Abstract: We introduce a natural measure on bi-infinite random walk trajectories evolving in a time-dependent environment driven by the Langevin dynamics associated with a gradient Gibbs measure with convex potential. We derive an identity relating the occupation times of the Poissonian cloud induced by this measure to the square of the corresponding gradient field, which - generically - is not Gaussian. In the quadratic case, we recover a well-known generalization of the second Ray-Knight theorem.

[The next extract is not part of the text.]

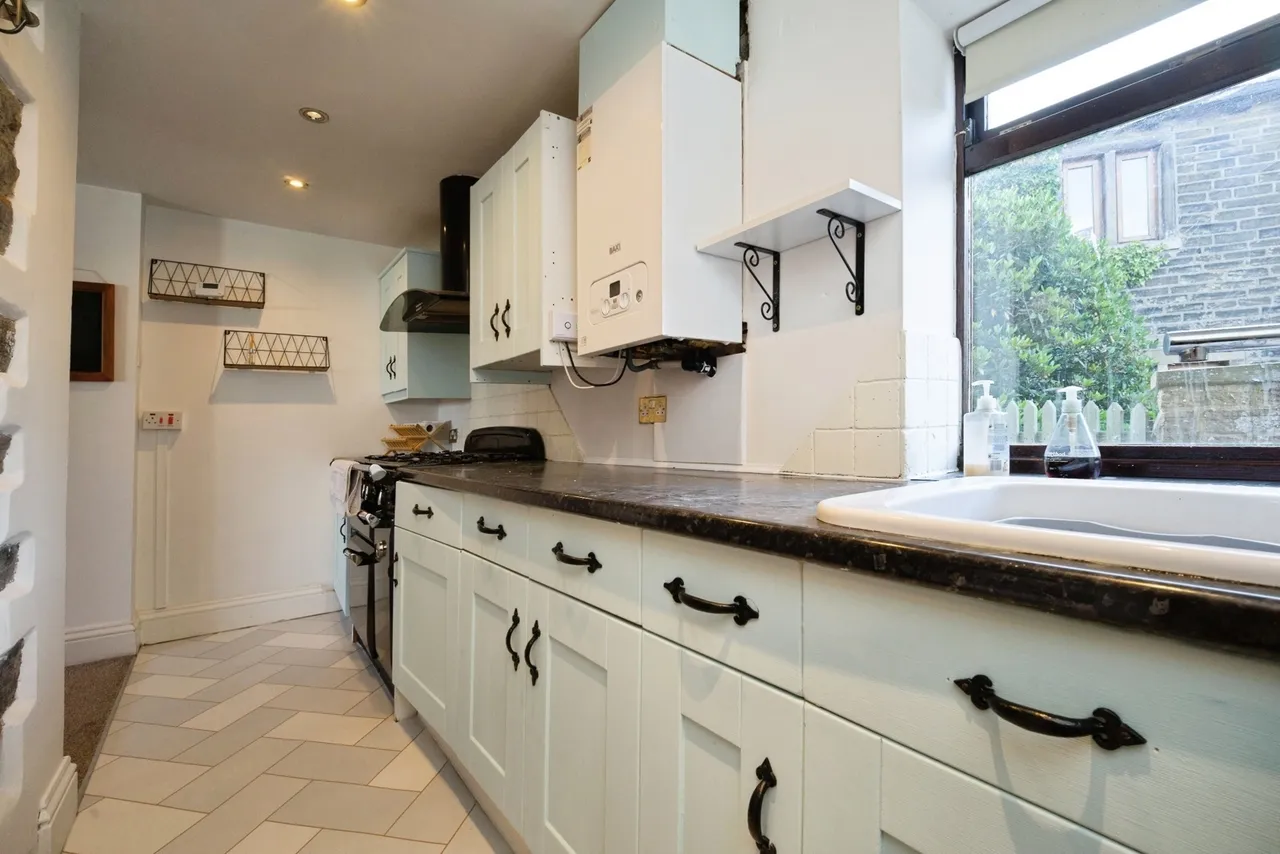Whitehill Road, Halifax, West Yorkshire, HX2, photo 8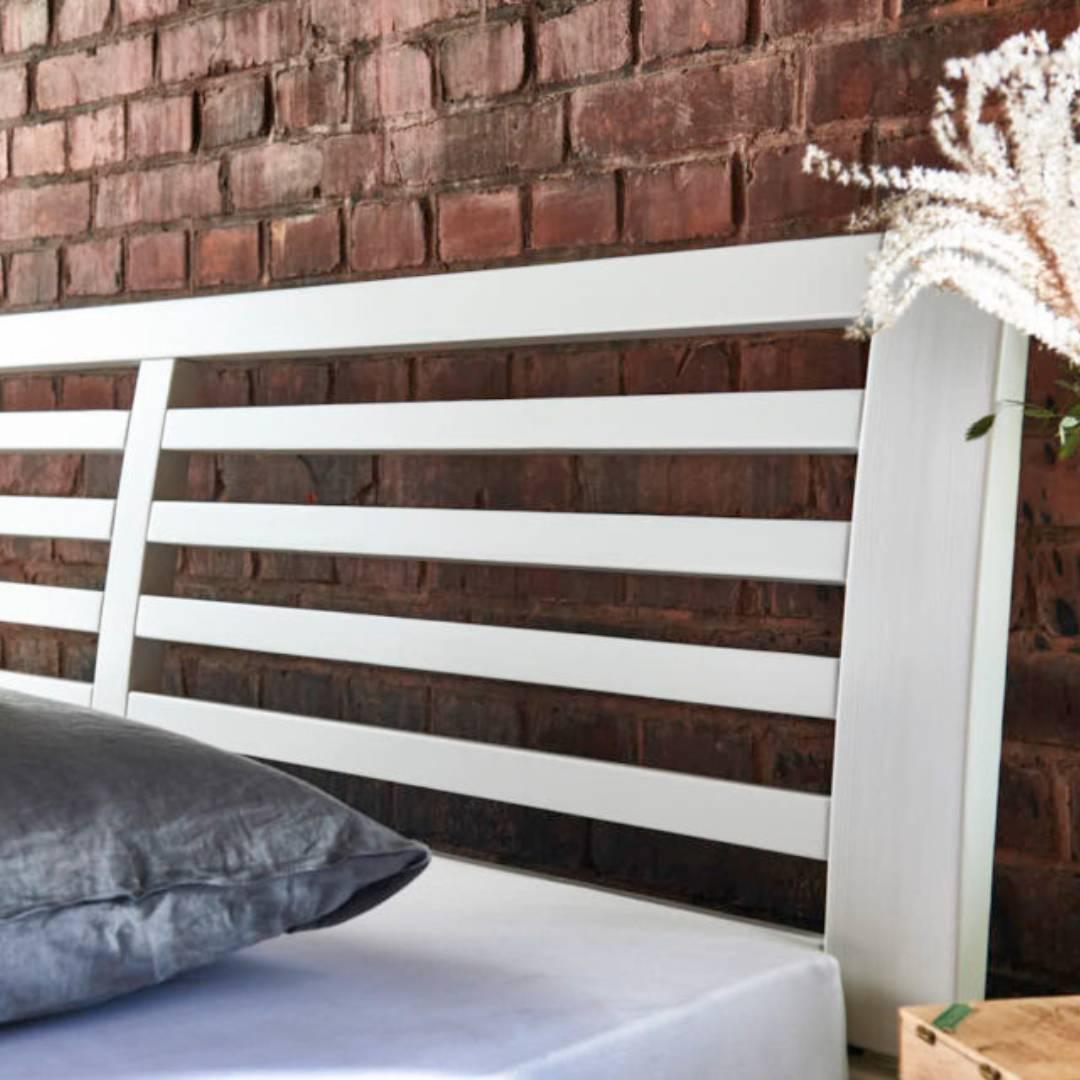 Tjornbo Easy Sleep met houten hoofdbord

We further determine the scaling limits of the various objects involved in dimension 3, which are seen to exhibit homogenization. In particular, we prove that the renormalized square of the gradient field converges under appropriate rescaling to the Wick-ordered square of a Gaussian free field on R^3 with suitable diffusion matrix, thus extending a celebrated result of Naddaf and Spencer regarding the scaling limit of the field itself. (Based on joint work with Pierre-François Rodriguez.)
Place: Aula 3014, Dip. di Matematica e Applicazioni, Univ. di Milano-Bicocca, via R. Cozzi 55, Milano
- Webex link:
- https://unimib.webex.com/unimib-it/j.php?MTID=mc07da73e64ea2eb0da78975bc808f3db
- Meeting number:
- 2741 491 0178
- Password:
- HPxNQASR579 (47967277 for phones)
Participation is free and welcome!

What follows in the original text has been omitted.